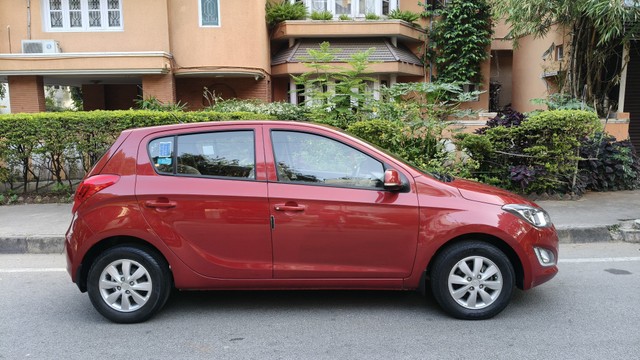 Hyundai i20 Sportz 1.2 Second-hand 2014 Hyundai i20 Sportz 1.2 for sale in Bangalore-1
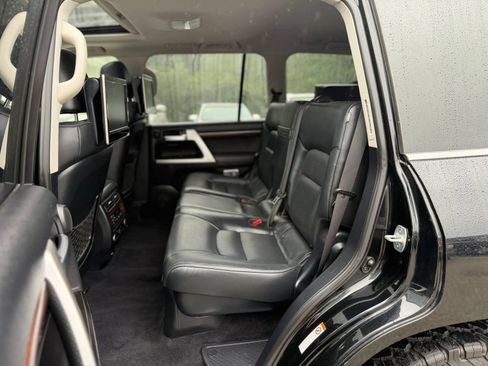 Used 2016 Toyota Land Cruiser AWD/4WD image 12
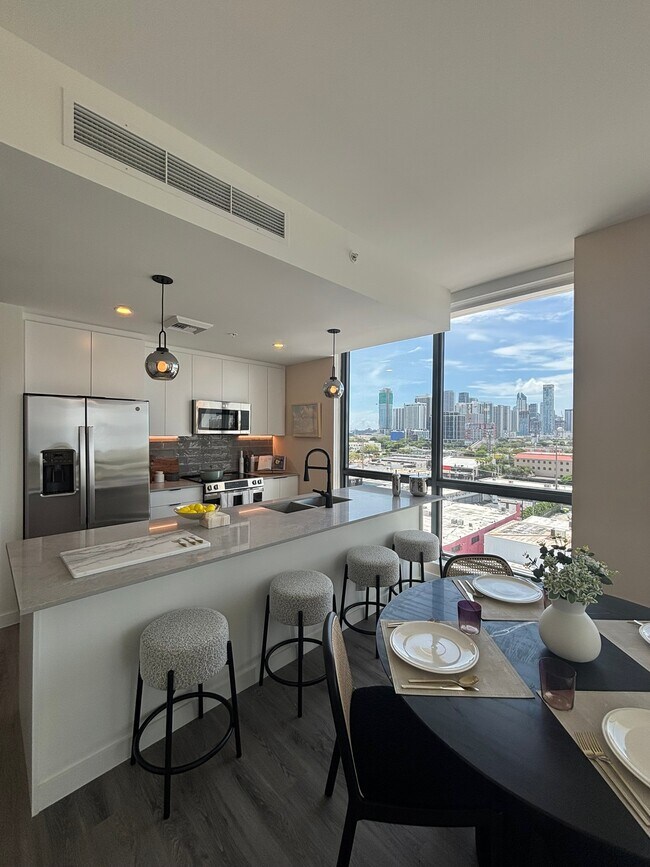 1994 NW 1st Place unit B6, Miami, FL 33136 - photo 3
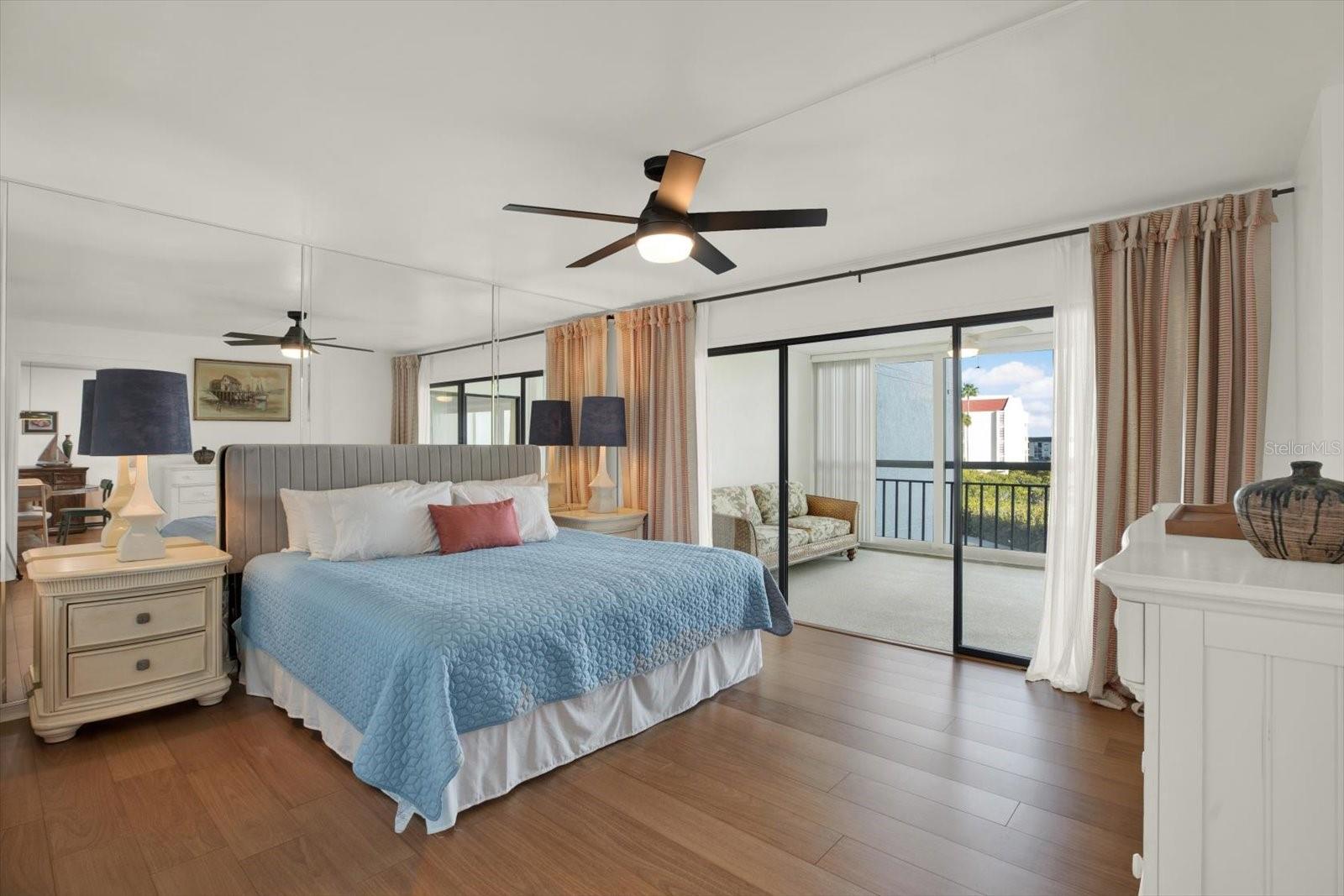 Image 13 of 42 For 7867 Sailboat Key Boulevard S 204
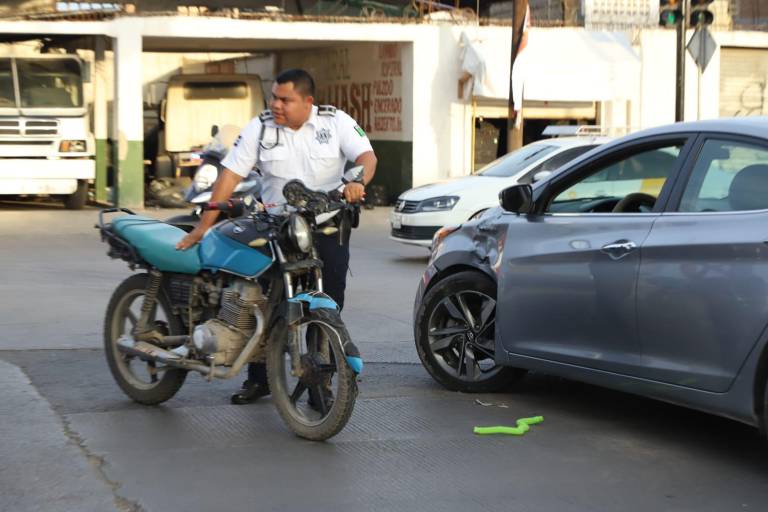 En Mazatlán, motociclista choca contra automóvil, en cruce de la Leyva, con semáforo de ‘adorno’
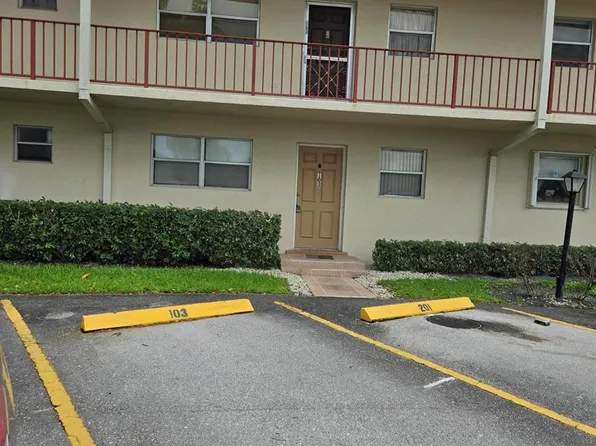 103 Oxford Ct #400, West Palm Beach, FL 33411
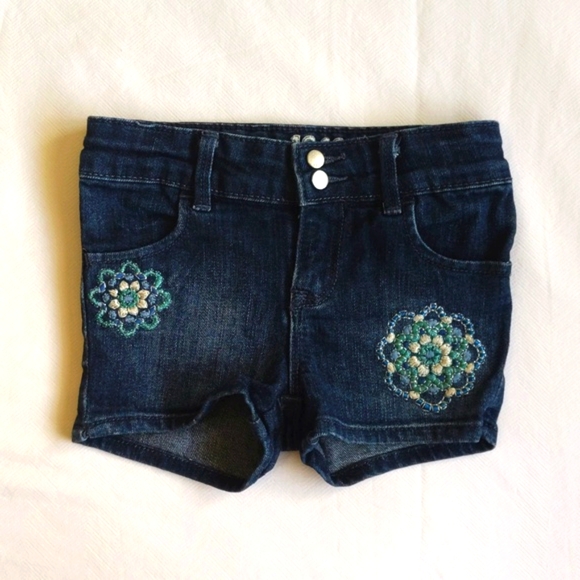 babyGap 1969 embroidered floral medallion denim jean shorts 3T toddler girls - Picture 1 of 7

→ **WHAT YOU HAVE TO DO**: Where a picture appears, omit it; otherwise reproduce each line above from the first to the one with "103 Oxford Ct", inclusive.

→ **TASK OUTPUT**:
 Hyundai i20 Sportz 1.2 Second-hand 2014 Hyundai i20 Sportz 1.2 for sale in Bangalore-1
 Used 2016 Toyota Land Cruiser AWD/4WD image 12
 1994 NW 1st Place unit B6, Miami, FL 33136 - photo 3
 Image 13 of 42 For 7867 Sailboat Key Boulevard S 204
 En Mazatlán, motociclista choca contra automóvil, en cruce de la Leyva, con semáforo de ‘adorno’
 103 Oxford Ct #400, West Palm Beach, FL 33411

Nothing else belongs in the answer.